What you will do: Output the records. Match them exactly.

Task inputs:
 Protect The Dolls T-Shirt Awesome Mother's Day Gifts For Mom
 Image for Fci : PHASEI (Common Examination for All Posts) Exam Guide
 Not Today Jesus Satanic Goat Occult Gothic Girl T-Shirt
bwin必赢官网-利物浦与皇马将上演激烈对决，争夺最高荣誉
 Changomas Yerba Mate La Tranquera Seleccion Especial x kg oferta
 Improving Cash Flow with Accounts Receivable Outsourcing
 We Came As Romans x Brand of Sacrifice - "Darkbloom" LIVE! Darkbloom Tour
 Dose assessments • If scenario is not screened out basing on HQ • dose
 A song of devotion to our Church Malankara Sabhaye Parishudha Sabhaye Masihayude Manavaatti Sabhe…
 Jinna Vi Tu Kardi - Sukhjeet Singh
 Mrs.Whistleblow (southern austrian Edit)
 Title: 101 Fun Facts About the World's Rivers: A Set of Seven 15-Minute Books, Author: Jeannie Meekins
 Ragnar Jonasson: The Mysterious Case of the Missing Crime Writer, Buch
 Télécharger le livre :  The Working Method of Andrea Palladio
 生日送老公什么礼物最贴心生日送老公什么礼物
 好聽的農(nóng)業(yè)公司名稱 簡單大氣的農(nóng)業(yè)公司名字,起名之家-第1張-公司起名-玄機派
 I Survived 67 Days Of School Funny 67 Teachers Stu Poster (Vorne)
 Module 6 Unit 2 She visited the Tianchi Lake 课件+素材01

Exercise result:
 Protect The Dolls T-Shirt Awesome Mother's Day Gifts For Mom
 Image for Fci : PHASEI (Common Examination for All Posts) Exam Guide
 Not Today Jesus Satanic Goat Occult Gothic Girl T-Shirt
bwin必赢官网-利物浦与皇马将上演激烈对决，争夺最高荣誉
 Changomas Yerba Mate La Tranquera Seleccion Especial x kg oferta
 Improving Cash Flow with Accounts Receivable Outsourcing
 We Came As Romans x Brand of Sacrifice - "Darkbloom" LIVE! Darkbloom Tour
 Dose assessments • If scenario is not screened out basing on HQ • dose
 A song of devotion to our Church Malankara Sabhaye Parishudha Sabhaye Masihayude Manavaatti Sabhe…
 Jinna Vi Tu Kardi - Sukhjeet Singh
 Mrs.Whistleblow (southern austrian Edit)
 Title: 101 Fun Facts About the World's Rivers: A Set of Seven 15-Minute Books, Author: Jeannie Meekins
 Ragnar Jonasson: The Mysterious Case of the Missing Crime Writer, Buch
 Télécharger le livre :  The Working Method of Andrea Palladio
 生日送老公什么礼物最贴心生日送老公什么礼物
 好聽的農(nóng)業(yè)公司名稱 簡單大氣的農(nóng)業(yè)公司名字,起名之家-第1張-公司起名-玄機派
 I Survived 67 Days Of School Funny 67 Teachers Stu Poster (Vorne)
 Module 6 Unit 2 She visited the Tianchi Lake 课件+素材01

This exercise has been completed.